__MATERIAL FOR THIS EXERCISE__.
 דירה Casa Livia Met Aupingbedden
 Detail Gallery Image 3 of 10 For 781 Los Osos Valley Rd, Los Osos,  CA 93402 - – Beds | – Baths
--
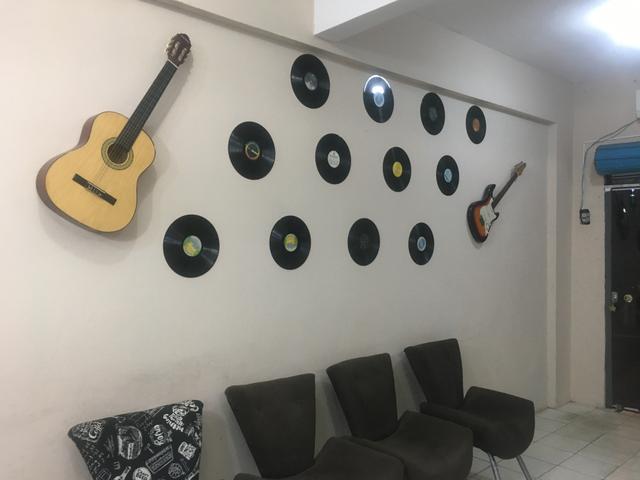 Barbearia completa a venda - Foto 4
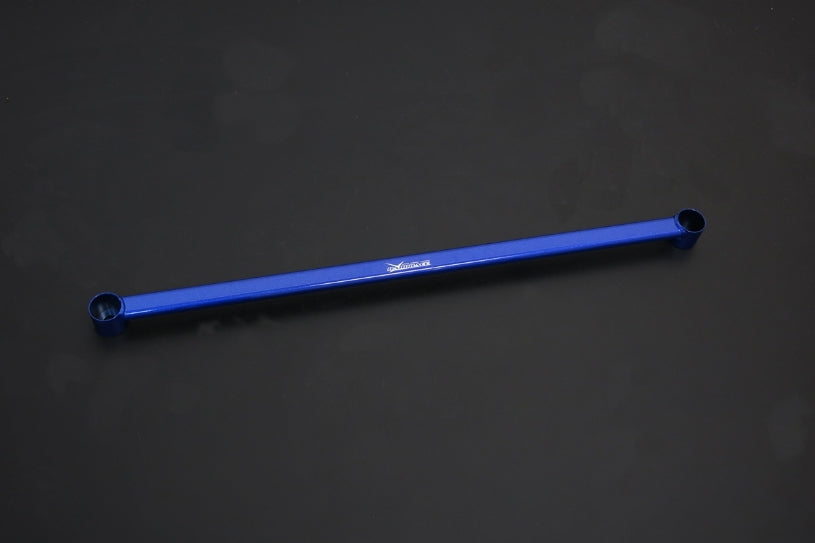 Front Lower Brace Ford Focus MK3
...
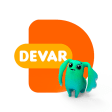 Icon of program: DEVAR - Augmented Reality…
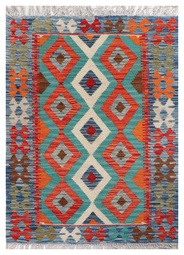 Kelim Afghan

__ASSIGNMENT__.
Transcribe the records above exactly, beginning at the line that contains "דירה Casa Livia Met Aupingbedden" and ending with the line that contains "Detail Gallery Image", both included, and nothing else.

__ANSWER BOX__.
 דירה Casa Livia Met Aupingbedden
 Detail Gallery Image 3 of 10 For 781 Los Osos Valley Rd, Los Osos,  CA 93402 - – Beds | – Baths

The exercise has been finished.